I am using custom dataset class and then using data loader to load my data.

train_loader = torch.utils.data.DataLoader(
        dataset_train,
        sampler=train_sampler,
        batch_size=args.batch_size_per_gpu,
        num_workers=args.num_workers,
        pin_memory=True,
    )
    print(f"Data loaded with {len(dataset_train)} train imgs.")

The length of the dataset is 85 images.

print("for training model,size of train loader", len(train_loader.dataset))

But when I iterate through the data loader, it only divides into 2 batches of 16 and 6 images (batch size of 16) so only 22 images.I don’t know what happens with the rest of the images.I am using DINO tool’s eval_linear script https://github.com/facebookresearch/dino/blob/main/eval_linear.py.

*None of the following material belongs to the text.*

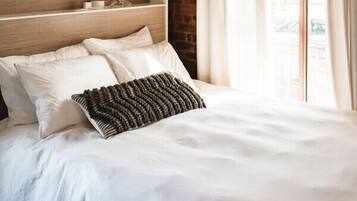 1 chambre, fer et planche à repasser, lit de bébé portatif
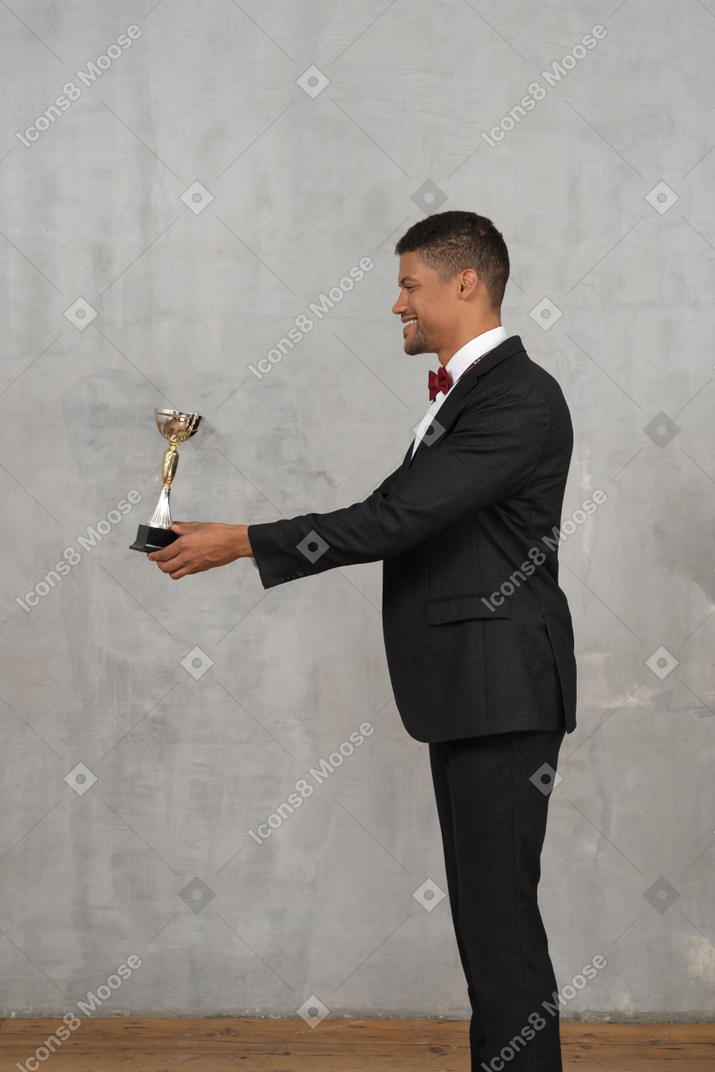 Uomo in abito che presenta un premio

I had to modify that code for my custom dataset as well.So it looks like this:

def train(model, linear_classifier, optimizer, train_loader, epoch, n, avgpool):
    linear_classifier.train()
    metric_logger = utils.MetricLogger(delimiter="  ")
    metric_logger.add_meter('lr', utils.SmoothedValue(window_size=1, fmt='{value:.6f}'))
    header = 'Epoch: [{}]'.format(epoch)
    all_labels = []


    for it,sample in enumerate(metric_logger.log_every(train_loader, 10)):
   
        #print('type of sample is ...',sample)
        images = sample['image']
 
        ## extract label
        index = sample['label']
        all_labels.append(index)
        print('label is ...',index)
        # move to gpu
        images = images.cuda(non_blocking=True)
        ## index is the target/label value
        index = index.cuda(non_blocking=True)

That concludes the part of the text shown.